MACLACHLAN: I think you would like it.

BARAM: Really?

MACLACHLAN: You get the feedback from the audience because you really feel them, at least I do. It must be a bit like stand-up. They tell you straight away, but you also get to do the acting part and you get to feel your way through the character. It gives it some truthfulness. Reality, I guess.

BARAM: What you just described on Carol’s, I felt on set a lot. When I was thinking about my greatest challenge throughout this process, one was trying to decide what kind of actor I wanted to be and what tools I’d be using. My performance and my emotional accessibility was constantly obstructed by nerves and by the desire to be perfect and to get it right. But if you are nervous and trying to do something perfectly, you’re not going to reach whatever flow state you need to be.

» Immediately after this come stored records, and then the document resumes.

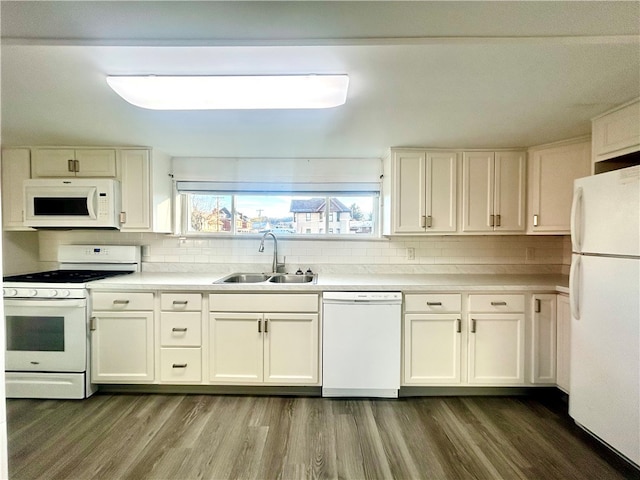 kitchen featuring wood-type flooring, white cabinetry, backsplash, sink, and white appliances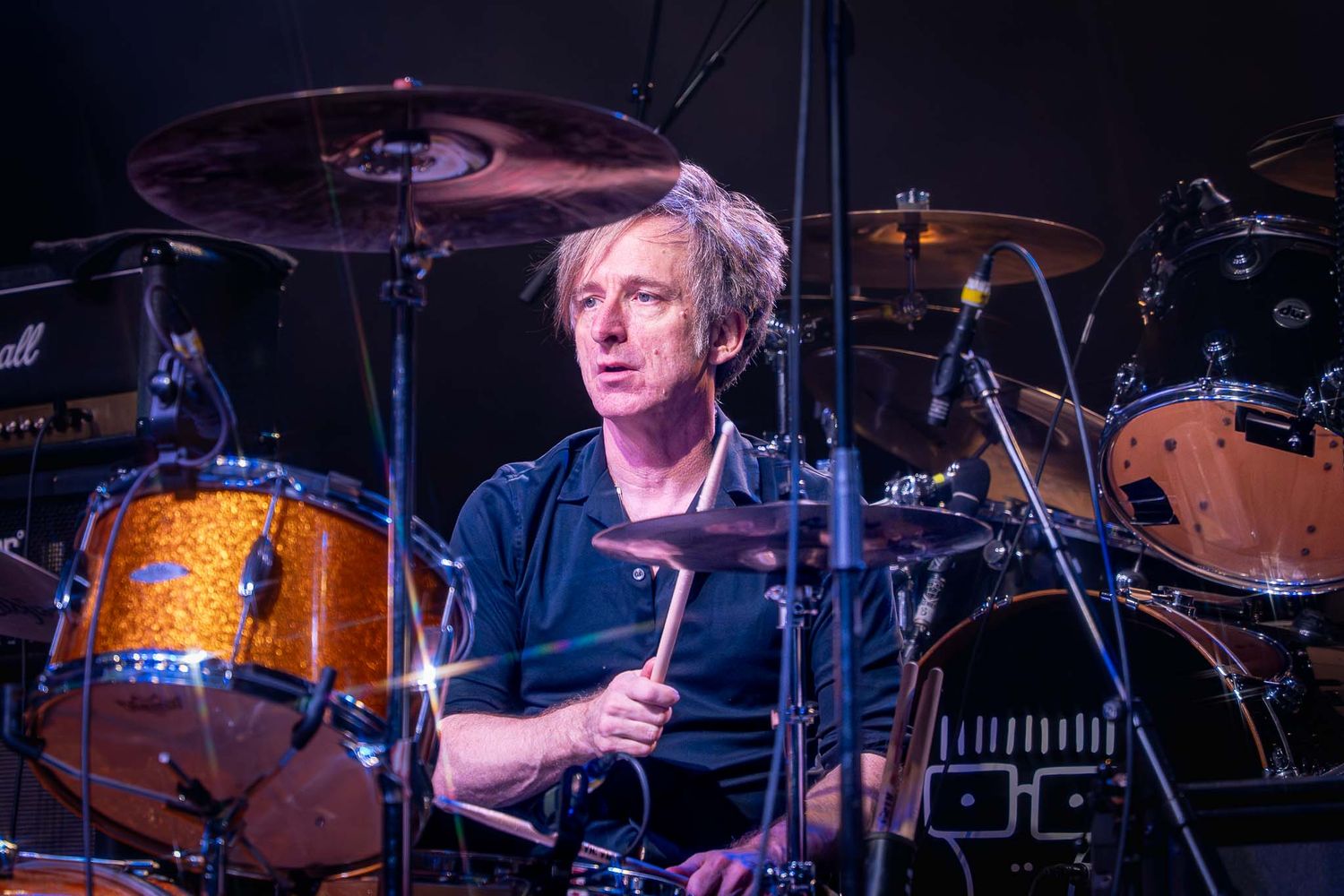 Drummer from The Buzzcocks performs behind a large drum kit on stage with colorful stage lighting in background.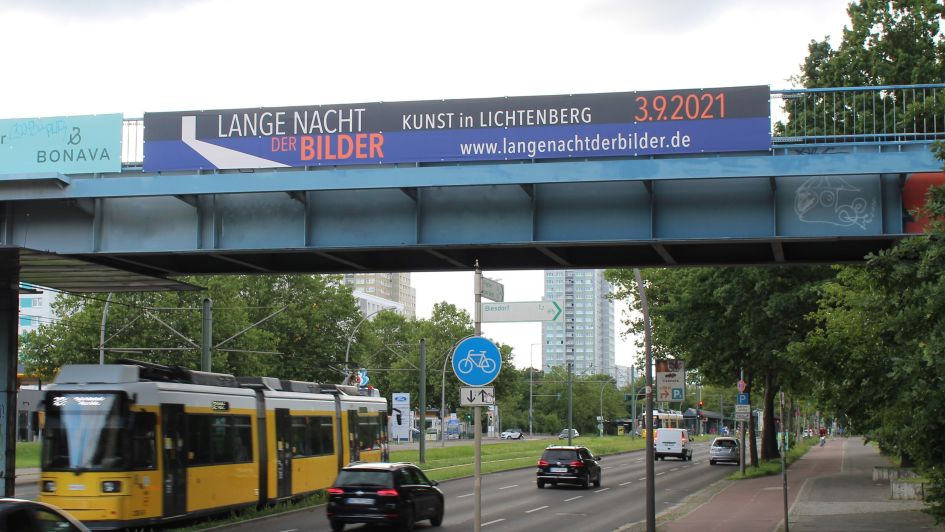 An einer Brücke in Lichtenberg hängt Brückenwerbung, auf der für die Lange Nacht der Bilder geworben wird. Unter der Brücke fahren Autos und eine Tram drunter durch.
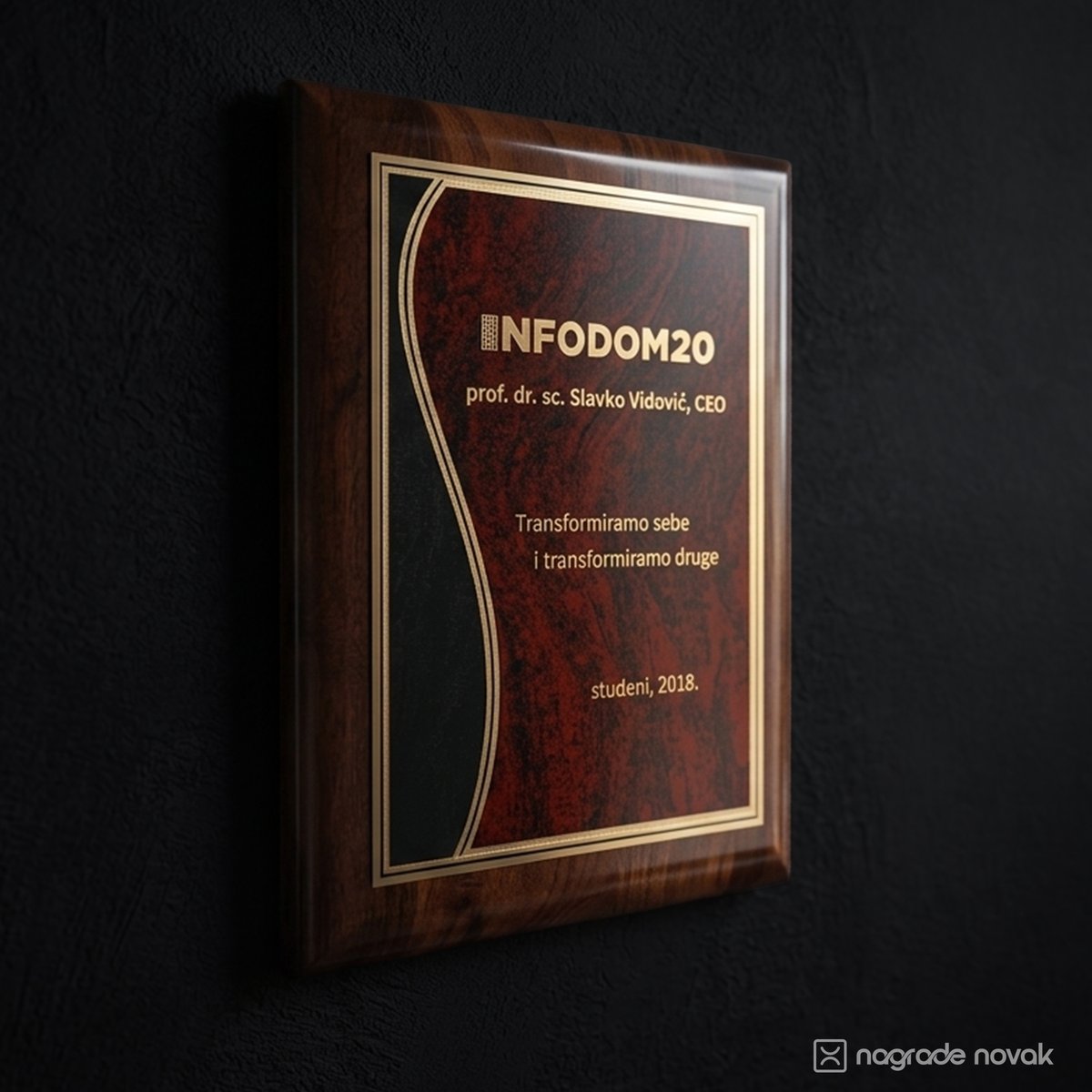 Glossy wooden plaque with a wavy burgundy and black plate and gold engraved Infodom20 logo and text, seen at an angle on a dark wall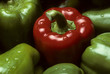 Photo: Single red Bell pepper among green peppers Single red Bell pepper among green peppers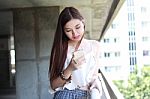 Portrait Of Thai Adult Beautiful Girl Using Her Smart Phone And Smile Stock Photo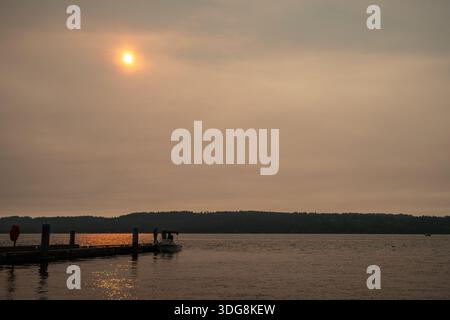 Mukilteo nel tardo pomeriggio d'estate le persone che attraccano la loro barca lungo il molo pubblico in tarda vigilia estiva il cielo era pieno di fumo proveniente da un distan Foto Stock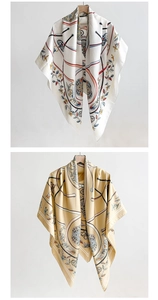 Detailed close-up of classical chain patterns and glossy texture on silk scarves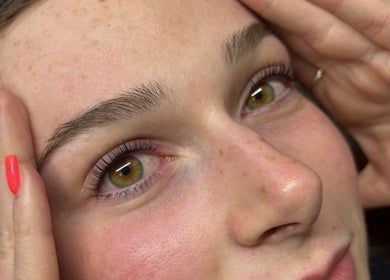 Close-up of a woman's radiant skin and natural makeup at Sculpted by Sylvie, Gainsborough, England, GB.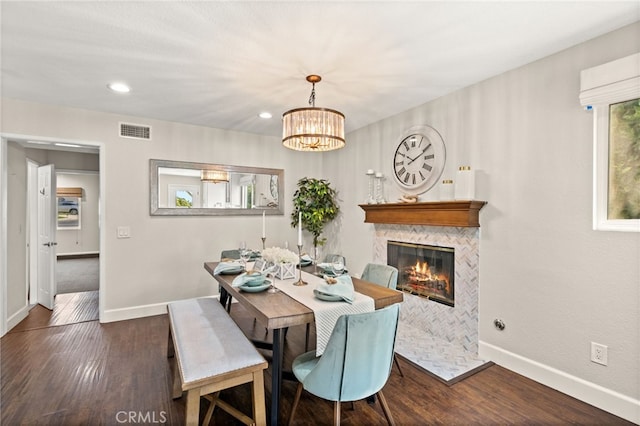 1336 Granada St, Upland, CA 91784 - dining area featuring wood finished floors, a tiled fireplace, recessed lighting, and a chandelier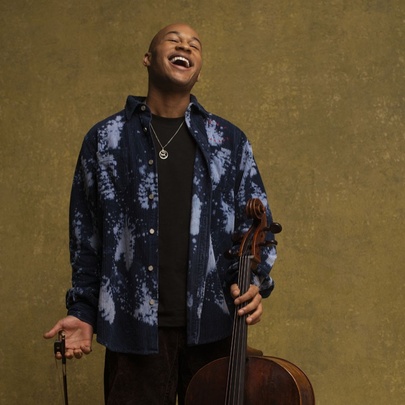Cellist Sheku Kanneh-Mason, tilting his head back and smiling, holding his cello in his hand.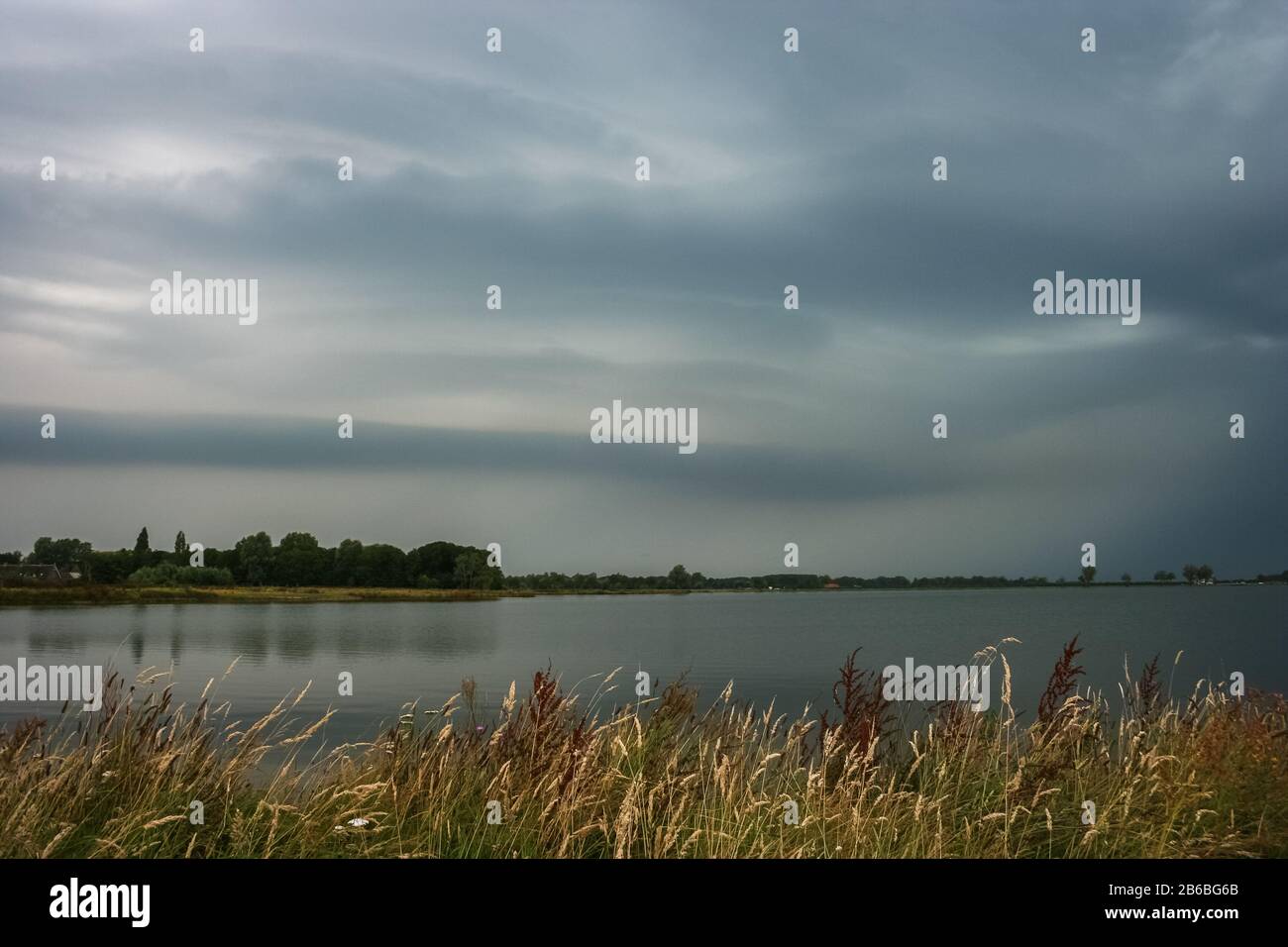 Thunderstorm with smooth laminar shelfcloud over a lake in the Netherlands Stock Photo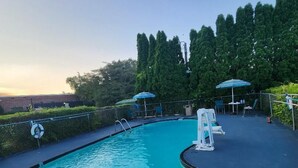 Una piscina con cubierta azul, rodeada por una cerca y protegida por sombrillas.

MACLACHLAN: You just said a very good word: “flow state.”

BARAM: You believe in that?

MACLACHLAN: That’s exactly the place to aspire to, which is hard to get to when you’re nervous and self-aware. But I’ve definitely learned, and you learn every show, that there is this moment just before you start to roll where you just go, “Fuck it.” You get into a flow state that allows you to go. Sometimes the lines don’t come or you’re in another space, but you’re having fun and going with it. Believe me, whatever you’re describing in terms of nerves was not evident at all when we were working together. From my little perspective, it was fantastic.

Wally Baram

BARAM: Acting was not what I anticipated going in—that it would be this art where right before the camera rolls, I would do the same thing that I do with stand-up, where I say, “Fuck it, whatever happens, happens. I’m going to play around in the space.” Previously I thought about acting from the writer’s perspective where it’s like, “I make these words and then they say these words.” What happens on set is they use the words as a blueprint to create an entirely different beast. It was interesting and unexpected. As a writer, I was pretty literal with my understanding of what making a show was ahead of time. But when I was actually acting, I was almost embarrassed at how one-dimensional my understanding of the process was.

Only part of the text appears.